I'm so sorry. You failed.
Water, flowing up, so fast it felt like falling. It was in her eyes, in her nostrils, warm like human skin. Something, a little like lips but disturbingly sharp, nibbled at her toes.
I can't escape no matter how I try.
The man below the catwalk slowly nodded at her. The lock-on warning went off. Mom was trying to silently cry in the living room, thinking she was asleep. A school of hands swam past.
It's like drowning but never being safe.
Scintillating colors. The universe in paint. Everyone on the streets of Tharsus Civica looked up. A primitive ship struck an iceberg and sank. The fireman smiled in an evergreen forest. She walked up the steps only to find a looming face there. Waiting for her. Eyes, eyes, the wrong eyes. Pools of sulfur.
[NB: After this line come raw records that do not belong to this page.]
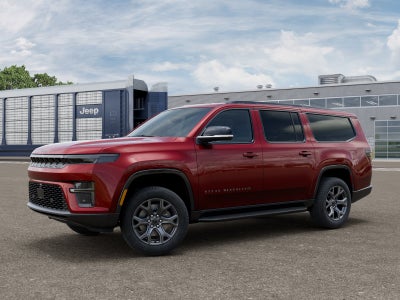 2026 Jeep Grand Wagoneer L GRAND WAGONEER L LIMITED ALTITUDE 4X4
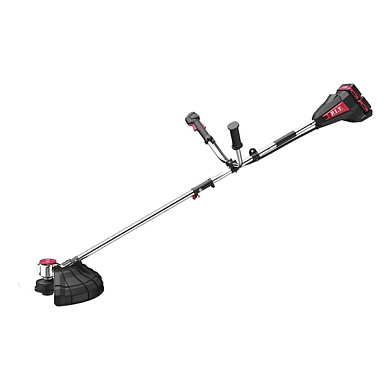 Триммер аккум. Бесщёточный, 20В+20В, 6500 об/мин, Ø255/380 мм, 2 акб 4Ач, ЗУ PIT PTR20H-380A/1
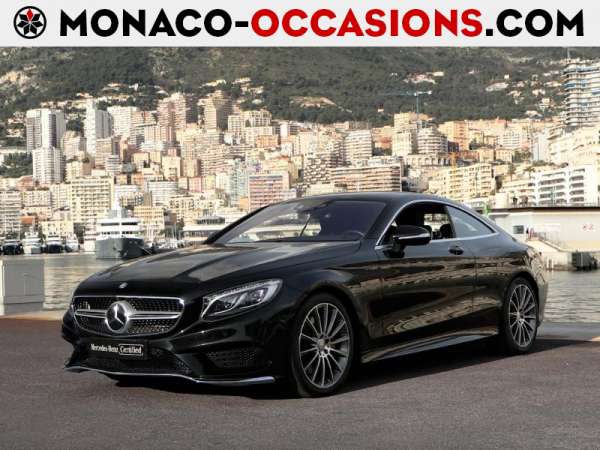 Mercedes-Benz-Classe S-Coupe/CL 500 4Matic 9G-Tronic-Occasion Monaco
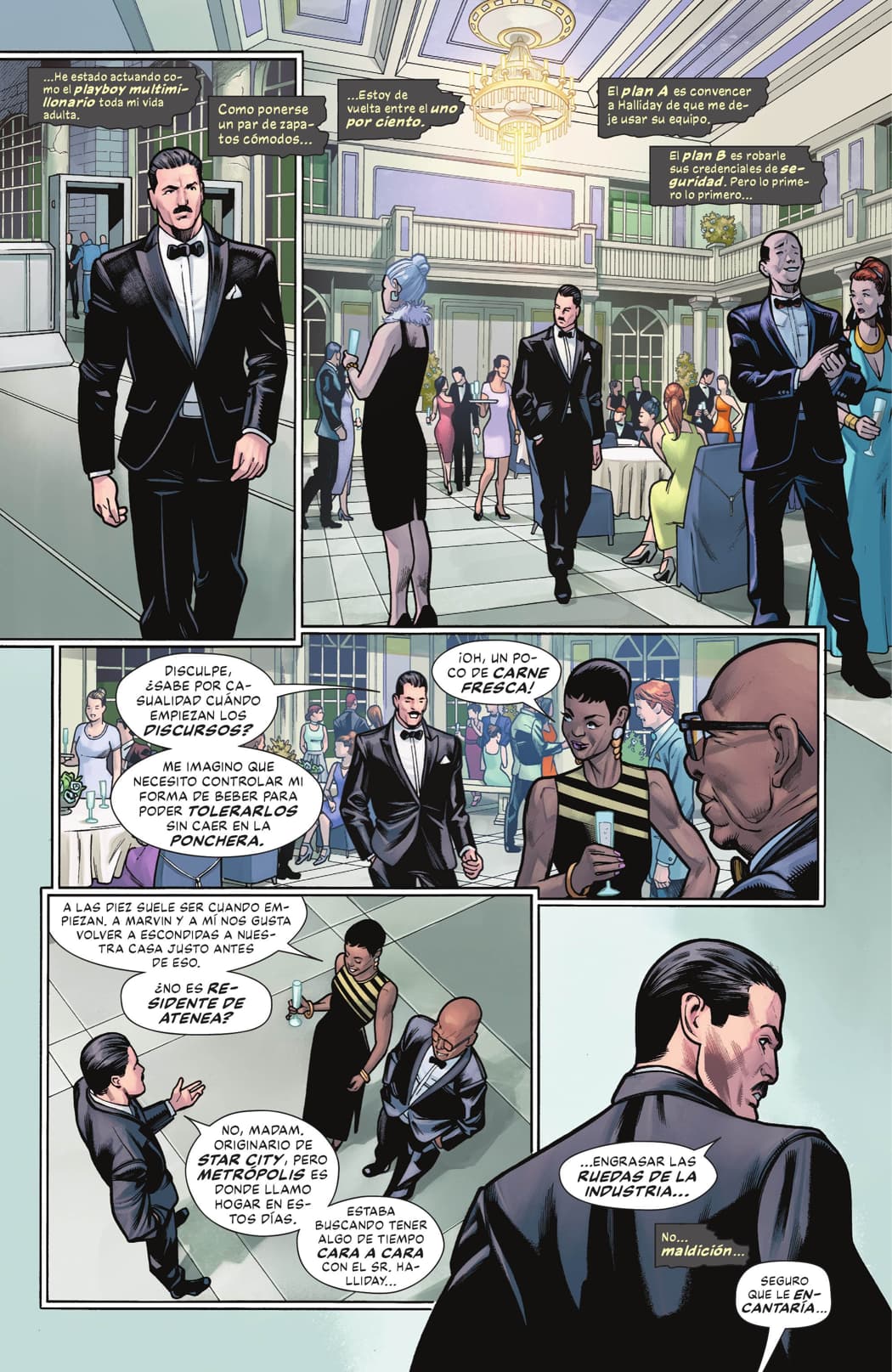 Read Batman (2016) Manga Online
Make it right. Break every rule.
Runrunrunrunrun. Fingers at the back of her neck. Something there behind her ear, something she was forgetting, human shapes leaning in. Dive deeper. She inhaled, trying to swallow the water, her vision unwinding like the strands in a single piece of thread. Everyone walked backwards down the hall. A mech split under a crowbar. Five youths huddled around a glowing screen. Winter came first on a planet she didn't recognize, then summer, fall, and spring. Sickly, shifting pink, and the endless black, and the beautiful song. He wasn't in his own shape, so that only left the other two. Did that mean he was the fury, or the silence?
I understand what must be done.
She drank deeper still. Memories passed like a dream she'd already awoken from, violence and pain she was only distantly aware of. The unraveler fired. She saw herself, crying and crazed, emaciated and distraught. And eyes again, always those eyes, peering into her soul as if she'd disappointed the cosmos. The others split off. One by one they left in anger. She was alone. Always alone. And she deserved it, for unwittingly trapping them all in...
It took a minute (hour? decade?) to realize that hadn't been her thought. He reached out as if to place a hand over her own and all at once she stopped swim-falling. The waters fell still, vanta-black above her and abyssal below, and as her vision wound back together into a single thread he floated down beside her. He appeared in his usual form, but for a fragment of a second, while her sight was yet frayed, she caught a glimpse of him as he truly was, like headlights through a rainy windshield at night.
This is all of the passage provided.